When you reach the line with "Cuenco mezclador de" in the data below, begin printing lines exactly, and stop once the line with "Snapshot of devilish_angel" has been printed.

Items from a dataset
^^^^

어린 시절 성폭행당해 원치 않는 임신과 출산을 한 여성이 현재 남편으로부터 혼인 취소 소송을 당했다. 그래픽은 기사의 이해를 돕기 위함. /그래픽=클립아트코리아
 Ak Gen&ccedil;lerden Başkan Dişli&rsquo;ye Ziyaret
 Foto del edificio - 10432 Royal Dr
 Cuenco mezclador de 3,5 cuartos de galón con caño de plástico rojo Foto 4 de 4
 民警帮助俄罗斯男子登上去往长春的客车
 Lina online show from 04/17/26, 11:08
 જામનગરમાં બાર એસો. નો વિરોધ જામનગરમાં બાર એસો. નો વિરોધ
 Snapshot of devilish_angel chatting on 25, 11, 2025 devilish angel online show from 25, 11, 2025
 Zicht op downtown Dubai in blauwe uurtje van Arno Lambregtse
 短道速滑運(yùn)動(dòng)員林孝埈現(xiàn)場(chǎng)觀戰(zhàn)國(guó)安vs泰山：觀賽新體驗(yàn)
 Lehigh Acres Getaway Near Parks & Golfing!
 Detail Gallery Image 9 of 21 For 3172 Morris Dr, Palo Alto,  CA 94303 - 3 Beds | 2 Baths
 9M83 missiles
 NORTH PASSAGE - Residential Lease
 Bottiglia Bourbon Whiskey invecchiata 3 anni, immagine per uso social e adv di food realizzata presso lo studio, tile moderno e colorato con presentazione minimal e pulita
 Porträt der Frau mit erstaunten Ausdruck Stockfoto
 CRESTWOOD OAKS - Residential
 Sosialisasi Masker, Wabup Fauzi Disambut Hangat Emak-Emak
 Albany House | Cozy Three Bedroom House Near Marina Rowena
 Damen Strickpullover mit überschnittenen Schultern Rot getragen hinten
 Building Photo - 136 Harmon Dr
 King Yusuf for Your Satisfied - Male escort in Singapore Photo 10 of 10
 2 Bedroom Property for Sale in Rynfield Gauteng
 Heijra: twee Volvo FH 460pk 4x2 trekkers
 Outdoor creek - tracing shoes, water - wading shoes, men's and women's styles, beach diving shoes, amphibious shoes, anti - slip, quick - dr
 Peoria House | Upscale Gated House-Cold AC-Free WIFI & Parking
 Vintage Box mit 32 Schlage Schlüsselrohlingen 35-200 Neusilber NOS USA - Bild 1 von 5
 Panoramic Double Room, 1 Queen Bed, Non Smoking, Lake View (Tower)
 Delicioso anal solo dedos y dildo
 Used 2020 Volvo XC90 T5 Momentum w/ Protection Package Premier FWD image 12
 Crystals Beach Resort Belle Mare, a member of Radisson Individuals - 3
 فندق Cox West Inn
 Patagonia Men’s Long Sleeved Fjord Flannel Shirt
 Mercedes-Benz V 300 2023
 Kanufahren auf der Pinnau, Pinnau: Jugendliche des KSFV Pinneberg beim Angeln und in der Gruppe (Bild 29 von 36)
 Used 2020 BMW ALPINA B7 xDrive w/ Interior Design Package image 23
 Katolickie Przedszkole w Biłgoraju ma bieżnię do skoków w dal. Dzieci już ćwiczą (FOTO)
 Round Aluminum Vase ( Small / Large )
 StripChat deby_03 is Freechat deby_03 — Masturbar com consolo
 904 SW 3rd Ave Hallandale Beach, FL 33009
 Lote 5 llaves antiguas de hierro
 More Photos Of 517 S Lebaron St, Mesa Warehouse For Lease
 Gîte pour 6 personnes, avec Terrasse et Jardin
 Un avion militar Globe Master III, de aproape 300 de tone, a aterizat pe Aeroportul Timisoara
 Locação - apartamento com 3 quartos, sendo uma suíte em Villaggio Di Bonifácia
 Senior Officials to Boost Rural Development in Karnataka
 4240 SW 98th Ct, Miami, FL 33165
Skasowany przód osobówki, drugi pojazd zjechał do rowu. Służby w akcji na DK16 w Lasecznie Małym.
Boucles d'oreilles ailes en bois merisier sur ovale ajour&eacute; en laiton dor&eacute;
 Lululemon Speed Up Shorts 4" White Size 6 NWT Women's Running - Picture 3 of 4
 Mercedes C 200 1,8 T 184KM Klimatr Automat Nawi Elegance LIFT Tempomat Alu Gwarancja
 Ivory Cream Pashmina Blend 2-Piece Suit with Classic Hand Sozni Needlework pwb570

^^^^

▶ **RESPONSE BOX**:
 Cuenco mezclador de 3,5 cuartos de galón con caño de plástico rojo Foto 4 de 4
 民警帮助俄罗斯男子登上去往长春的客车
 Lina online show from 04/17/26, 11:08
 જામનગરમાં બાર એસો. નો વિરોધ જામનગરમાં બાર એસો. નો વિરોધ
 Snapshot of devilish_angel chatting on 25, 11, 2025 devilish angel online show from 25, 11, 2025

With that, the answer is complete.